• Aim of the exercise
From the line that holds "Foto 3, Other" down to the last line of the listing below, transcribe exactly and only those lines. Leave pictures out.

• Source material
————
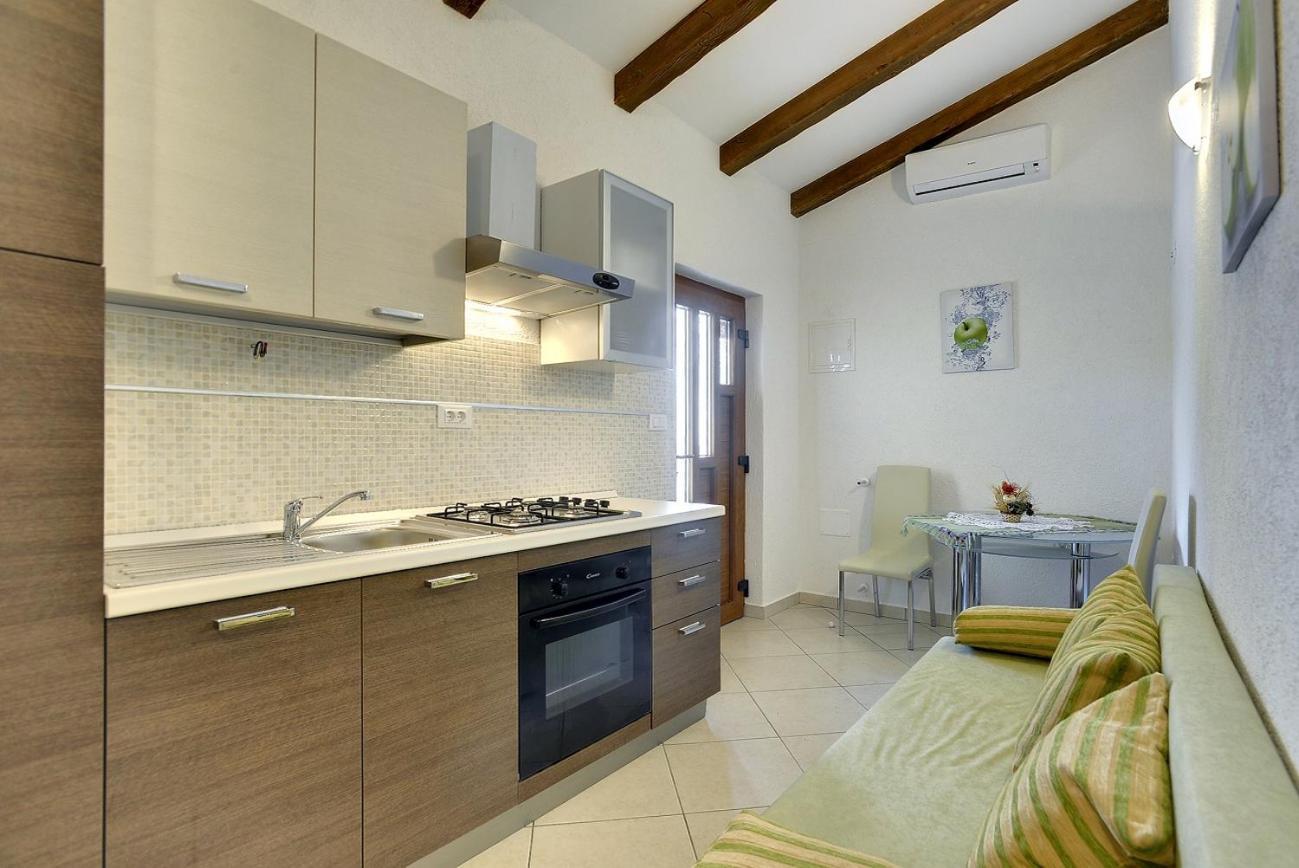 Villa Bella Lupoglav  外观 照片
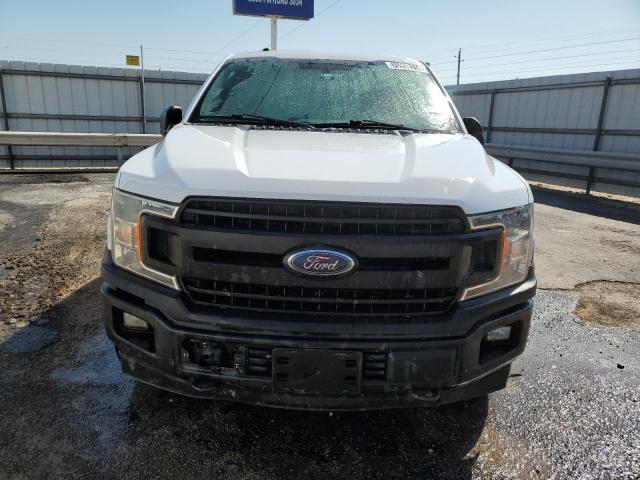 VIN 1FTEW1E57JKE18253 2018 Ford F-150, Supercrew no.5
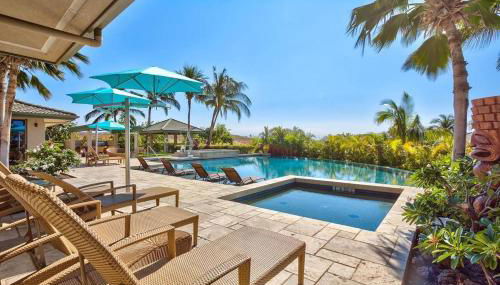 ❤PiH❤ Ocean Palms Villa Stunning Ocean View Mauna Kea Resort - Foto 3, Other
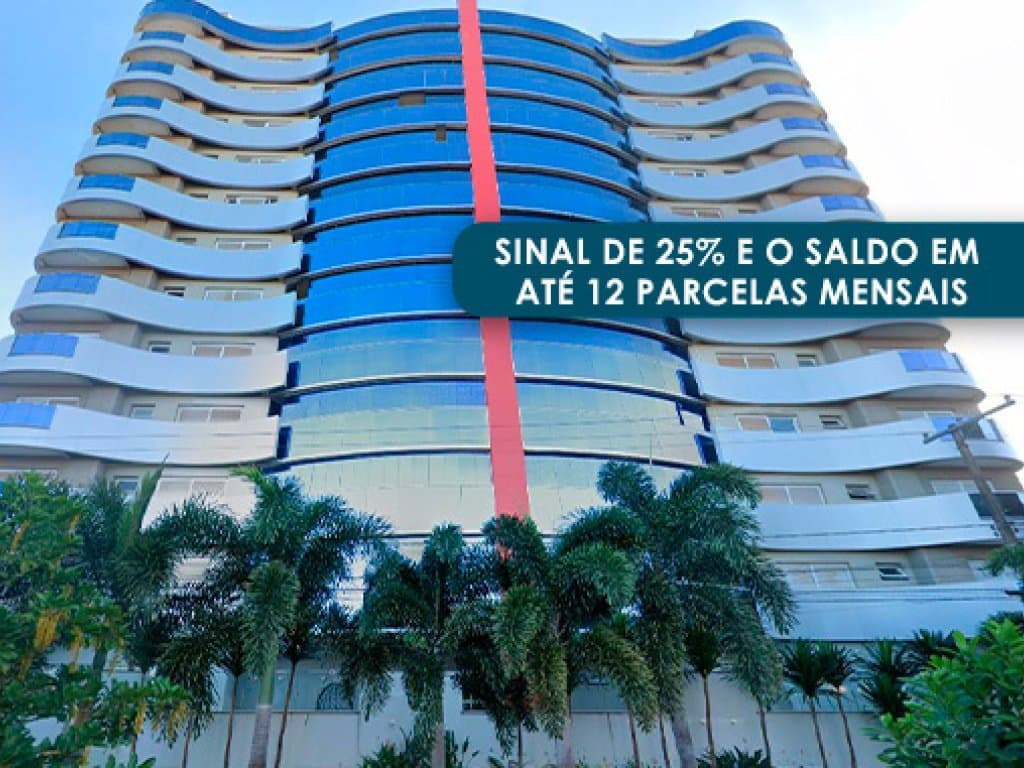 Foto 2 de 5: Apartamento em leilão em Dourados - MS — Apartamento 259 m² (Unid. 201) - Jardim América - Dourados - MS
————
• Output below
 ❤PiH❤ Ocean Palms Villa Stunning Ocean View Mauna Kea Resort - Foto 3, Other
 Foto 2 de 5: Apartamento em leilão em Dourados - MS — Apartamento 259 m² (Unid. 201) - Jardim América - Dourados - MS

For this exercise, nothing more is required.